DATA BELOW:
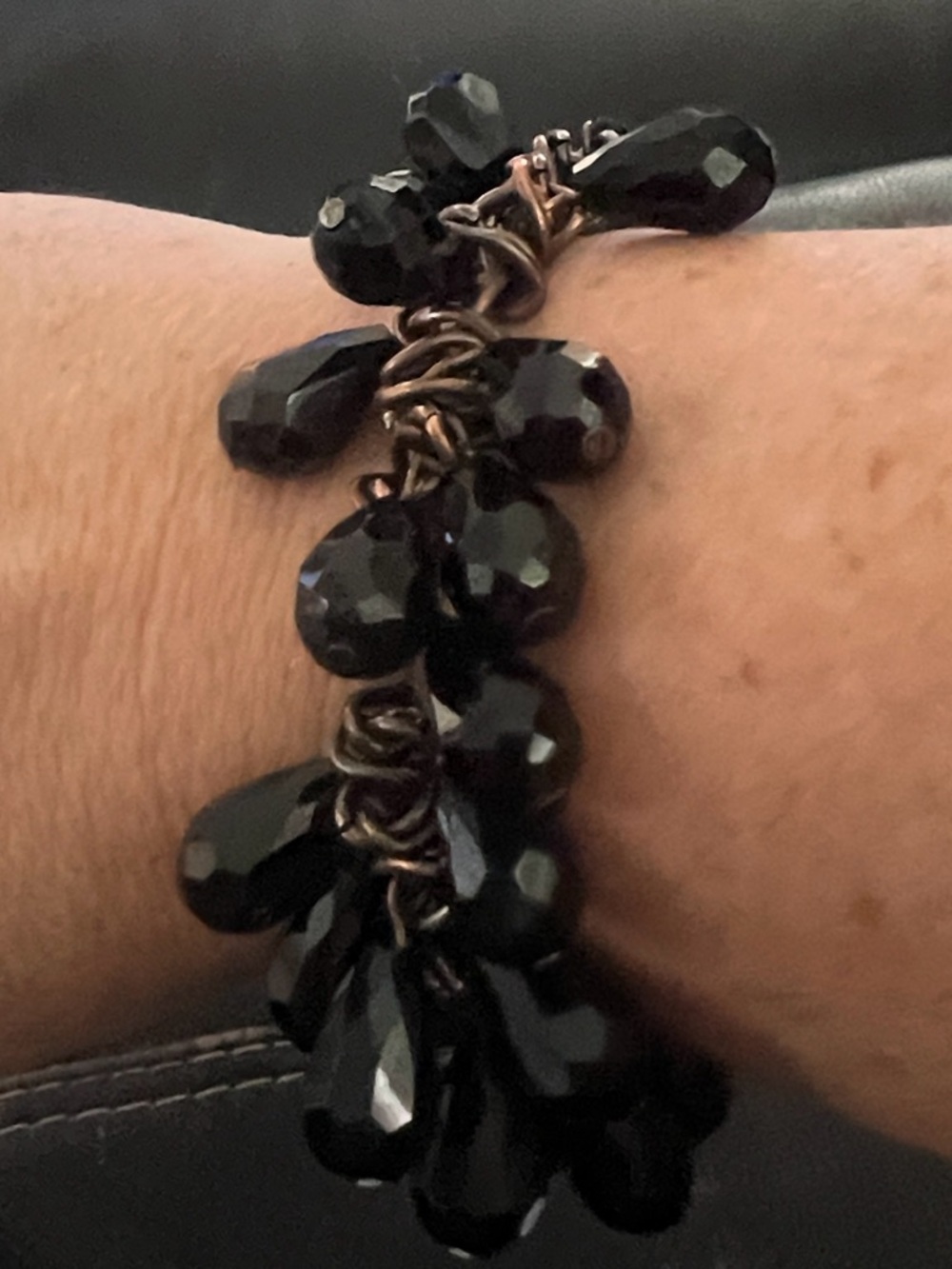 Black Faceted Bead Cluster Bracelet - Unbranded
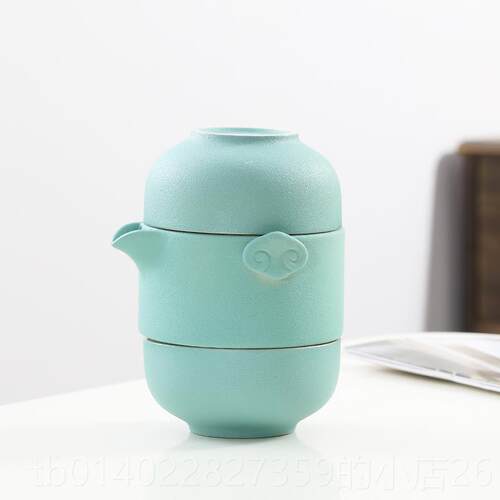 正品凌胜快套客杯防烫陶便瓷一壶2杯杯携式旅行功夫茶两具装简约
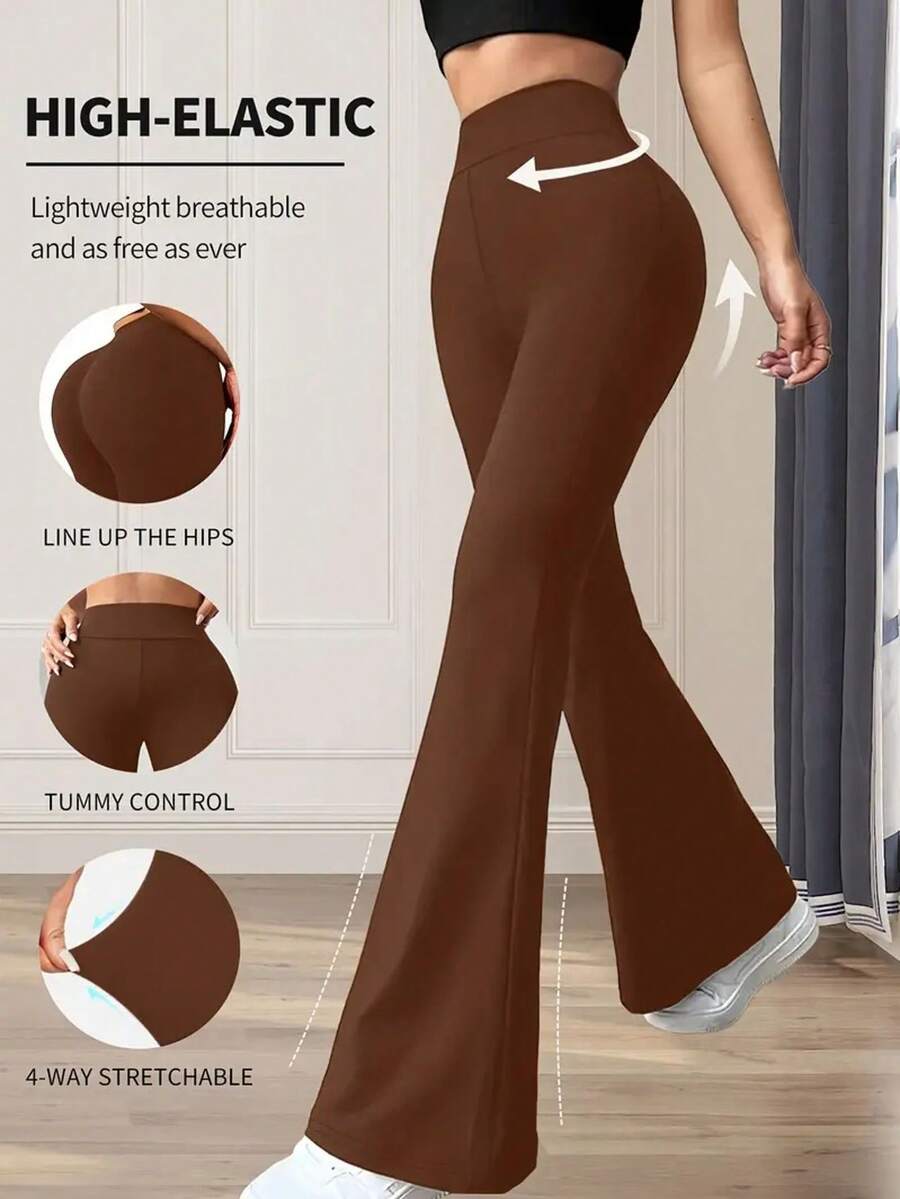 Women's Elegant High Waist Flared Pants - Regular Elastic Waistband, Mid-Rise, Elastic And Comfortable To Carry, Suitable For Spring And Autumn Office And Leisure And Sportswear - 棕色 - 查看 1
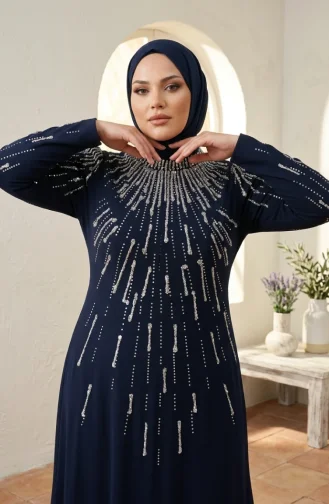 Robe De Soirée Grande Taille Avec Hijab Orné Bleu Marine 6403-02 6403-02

WHAT IS REQUIRED: Return the listing above unaltered, omitting its pictures.

YOUR RESPONSE:
 Black Faceted Bead Cluster Bracelet - Unbranded
 正品凌胜快套客杯防烫陶便瓷一壶2杯杯携式旅行功夫茶两具装简约
 Women's Elegant High Waist Flared Pants - Regular Elastic Waistband, Mid-Rise, Elastic And Comfortable To Carry, Suitable For Spring And Autumn Office And Leisure And Sportswear - 棕色 - 查看 1
 Robe De Soirée Grande Taille Avec Hijab Orné Bleu Marine 6403-02 6403-02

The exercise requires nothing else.